Conexão entre os crimes: semelhanças. As mais comuns são:
- Conexão temporal: entre cada crime, como regra, não pode haver intervalo superior a 30 dias. No caso concreto, poderá haver intervalo superior (ex.: funcionário que todo natal rasga o pneu do carro do patrão);
- Conexão espacial: como regra, os crimes devem ser praticadas ou, no máximo, em cidades vizinhas. No caso concreto, poderá haver conexão espacial entre crimes praticados em cidades bem distantes (ex.: aeromoça que vai furtando durante sua escala de trabalho);
- Conexão modal: os crimes devem ser executados da mesma maneira (ex.: com os mesmos comparsas, todos mediante escalada, etc.);
- Outras formas de conexão (ex.: ocasional, tal qual o ladrão que vai roubar um condomínio, percebe a facilidade e volta nos dias seguintes).
Além dos requisitos objetivos, exige-se requisito subjetivo na caracterização do crime continuado, isto é, o agente deve ter unidade de desígnios na sua prática?
- Orientação majoritária atual exige também requisito subjetivo, consistente na unidade de desígnio. Portanto, está sendo adotada a teoria subjetivo-objetiva - STJ;
- Alguns autores, porém, discordam desta exigência, porque ela tornaria o instituto letra morta no CP; a prova deste elemento subjetivo é muito difícil, além do quê favoreceria apenas criminosos audaciosos que de antemão podem planejar crimes em continuidade.
b) Crime continuado específico - art. 71, Parágrafo único: se verifica diante de crimes dolosos da mesma espécie praticados com violência ou grave ameaça à pessoa, contra vítimas diferentes (ex.: tarado que na mesma semana estupra 7 mulheres diferentes no mesmo bairro).
- Consequência: aumento da pena do crime mais grave (se diferentes) ou a de qualquer um deles (se idênticas), até o triplo.
É pacificado que o aumento mínimo é de 1/3, como acontece no caput;
Aqui, além do número de crimes praticados, outros critérios também definem este aumento, tais como a culpabilidade, personalidade, circunstâncias do crime, etc.;
- Aqui também deve ser respeitada a regra do concurso material benéfico do art. 70, Parágrafo único;
- Também deve ser observado o limite de 30 anos estabelecido no art. 75 do CP;
Quando houver crimes violentos da mesma espécie praticados contra a mesma vítima, somente poderá incidir o instituto do caput.

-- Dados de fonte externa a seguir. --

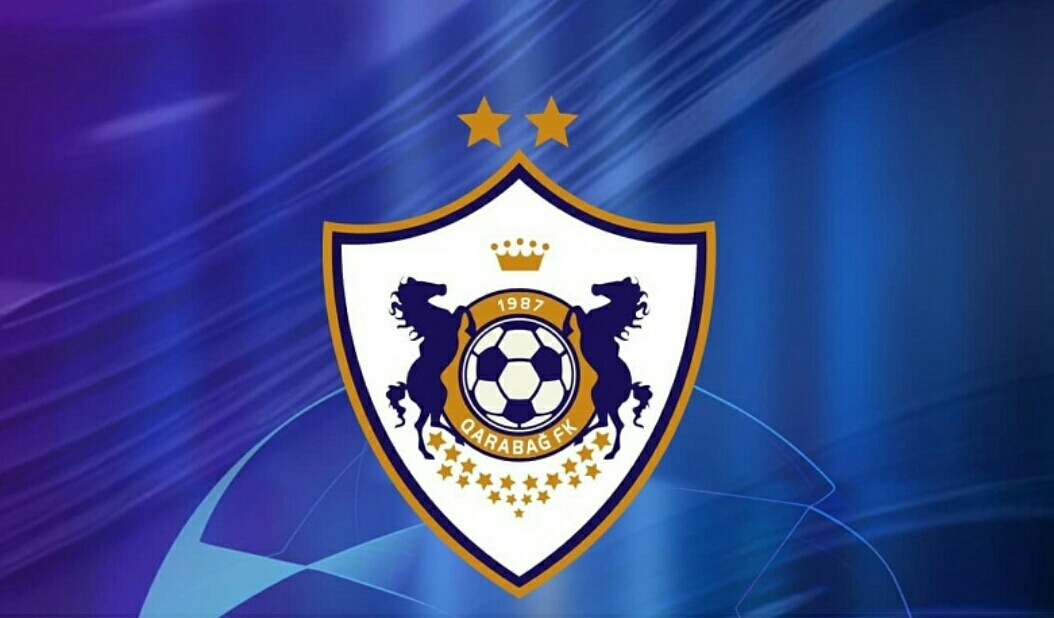 “Qarabağ” “Fənərbağça”nı geridə qoydu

Caso contrário, haveria analogia em malam partem;
Este parágrafo único consagra a possibilidade de continuidade delitiva em crimes violentos, e torna superada a Súmula nº 605-STF, que proíbe continuidade em crimes contra a vida.
5) Prescrição em Concurso de Crimes
A prescrição no concurso de crimes sempre será calculada separada e individualizadamente em relação a cada crime - art. 119.
No crime continuado, a prescrição deve ser calculada diante da pena concreta imposta sem o aumento ou antes do aumento decorrente da continuidade - Súmula nº 497-STF.
A mesma regra vale para o cálculo da decadência.
6) Multa
A multa no concurso de crimes deverá ser somada, conforme o art. 72. Todavia, há uma corrente que entende que no crime continuado, por conta da teoria da ficção jurídica, mesmo a pena de multa deverá sofrer aumento, nos termos do art. 71, e não somatória.